Sunday, September 7, 2008

Help, Doctor!

I was recently taken aback by a contract I was forced to sign to further my quest into the indiscernible abyss of academia.  I like to laugh.  I signed up for a class called "Comedy".  However, the moment I walked into the stuffy classroom, I knew what wasn't in the air.  Humor.  And I soon found out what was never to be in the air.  Perfume and other such sundries.  

I am writing to you because I am deeply concerned about the mental and physical condition of Professor Susan Jonas.  Please, Doctor, read the following words I have extracted from the said contract, and let me know what you can do to help.  Your words have been so comforting in the past.  

*Excerpt*

IF YOU WANT TO ATTEND THIS CLASS , IT IS IMPERATIVE THAT YOU AGREE NOT TO WEAR PERFUME, COLOGNE, SCENTED OIL, SCENTED MOISTURIZER, OR USE HIGHLY SCENTED SOAP, CLOTHING DETERGENT OR DRYER SHEETS, NAIL POLISH OR HOUSEHOLD CLEANING PRODUCTS BEFORE CLASS. 

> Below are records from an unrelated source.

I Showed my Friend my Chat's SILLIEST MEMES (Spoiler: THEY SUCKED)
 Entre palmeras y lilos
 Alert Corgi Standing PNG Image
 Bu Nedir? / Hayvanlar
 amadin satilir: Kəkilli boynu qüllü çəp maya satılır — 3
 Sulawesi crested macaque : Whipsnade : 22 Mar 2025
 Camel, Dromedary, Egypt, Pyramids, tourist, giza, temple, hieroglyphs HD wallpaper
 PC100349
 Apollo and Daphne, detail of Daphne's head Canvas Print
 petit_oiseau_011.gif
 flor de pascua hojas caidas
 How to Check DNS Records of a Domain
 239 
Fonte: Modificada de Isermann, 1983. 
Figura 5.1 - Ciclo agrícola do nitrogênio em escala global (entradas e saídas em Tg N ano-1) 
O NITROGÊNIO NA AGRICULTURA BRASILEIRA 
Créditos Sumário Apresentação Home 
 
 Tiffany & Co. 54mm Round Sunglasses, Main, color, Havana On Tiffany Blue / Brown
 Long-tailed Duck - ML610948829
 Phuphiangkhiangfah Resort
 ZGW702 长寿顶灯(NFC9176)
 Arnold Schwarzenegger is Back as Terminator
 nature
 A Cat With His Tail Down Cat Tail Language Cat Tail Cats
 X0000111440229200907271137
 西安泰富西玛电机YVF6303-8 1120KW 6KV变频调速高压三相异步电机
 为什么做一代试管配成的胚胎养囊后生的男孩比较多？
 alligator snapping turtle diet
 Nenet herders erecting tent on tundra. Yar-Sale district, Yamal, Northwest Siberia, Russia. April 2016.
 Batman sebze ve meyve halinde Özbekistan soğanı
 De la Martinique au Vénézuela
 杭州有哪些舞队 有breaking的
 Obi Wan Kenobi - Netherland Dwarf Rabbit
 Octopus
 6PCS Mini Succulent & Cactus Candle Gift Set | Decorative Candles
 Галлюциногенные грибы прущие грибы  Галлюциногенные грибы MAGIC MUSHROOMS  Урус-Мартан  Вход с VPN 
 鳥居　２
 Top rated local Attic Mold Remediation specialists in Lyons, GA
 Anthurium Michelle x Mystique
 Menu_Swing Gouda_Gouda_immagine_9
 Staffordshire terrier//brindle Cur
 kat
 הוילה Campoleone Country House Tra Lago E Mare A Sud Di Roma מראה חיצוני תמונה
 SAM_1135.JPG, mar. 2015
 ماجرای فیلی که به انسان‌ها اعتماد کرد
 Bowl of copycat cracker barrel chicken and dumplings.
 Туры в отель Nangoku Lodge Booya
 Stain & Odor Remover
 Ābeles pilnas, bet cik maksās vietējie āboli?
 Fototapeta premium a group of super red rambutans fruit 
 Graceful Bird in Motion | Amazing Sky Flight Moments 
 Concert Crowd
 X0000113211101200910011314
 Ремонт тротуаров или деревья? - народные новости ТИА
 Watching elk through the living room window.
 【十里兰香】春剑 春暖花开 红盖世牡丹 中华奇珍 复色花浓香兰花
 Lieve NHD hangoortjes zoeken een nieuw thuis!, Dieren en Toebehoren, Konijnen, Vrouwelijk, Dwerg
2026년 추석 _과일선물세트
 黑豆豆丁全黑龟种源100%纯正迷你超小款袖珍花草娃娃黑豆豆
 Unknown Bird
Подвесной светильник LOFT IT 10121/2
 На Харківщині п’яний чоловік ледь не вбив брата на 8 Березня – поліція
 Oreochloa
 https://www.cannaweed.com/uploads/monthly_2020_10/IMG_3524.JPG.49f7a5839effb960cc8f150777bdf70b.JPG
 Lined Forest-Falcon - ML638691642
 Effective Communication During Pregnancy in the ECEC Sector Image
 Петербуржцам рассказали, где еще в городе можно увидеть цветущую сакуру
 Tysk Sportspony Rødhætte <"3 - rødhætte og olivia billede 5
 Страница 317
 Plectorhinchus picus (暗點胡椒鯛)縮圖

I have "Chemical Sensitivity" or "environmental Illness" cause by sustained exposure to chemicals after construction, and making me hypersensitive and intolerant of many common chemicals.  Even brief exposure can lead to: dizziness, difficulty breathing, blurred vision, nausea, fainting or migraines lasting days.  If you forget and come to class wearing a product, please tell someone in the class about your absent self and do not enter the classroom.  IF I DISCERN SCENT, I MUST ASK YOU TO LEAVE.  If I have a reaction, I will have to cancel class. 

If you have a disability, please be sure to consult with me so that we can arrange for accommodations. 

I have read and understand the description of Dr. Jonas' condition, and understand that it could put her at serious medical risk were I to wear one of the before mentioned products.  I will inform Dr. Jonas and absent myself from class should I realize I am unable to rid myself of a potentially harmful element.  I will make every effort to comply.  

*End of Excerpt*

One thing is for sure.  This is no laughing matter, ironic as that may seem.  Can you help us, Doctor?

Sincerely Yours, 
Concerned Student of "Chemically Sensitive" Comedy Professor (who shall not be named).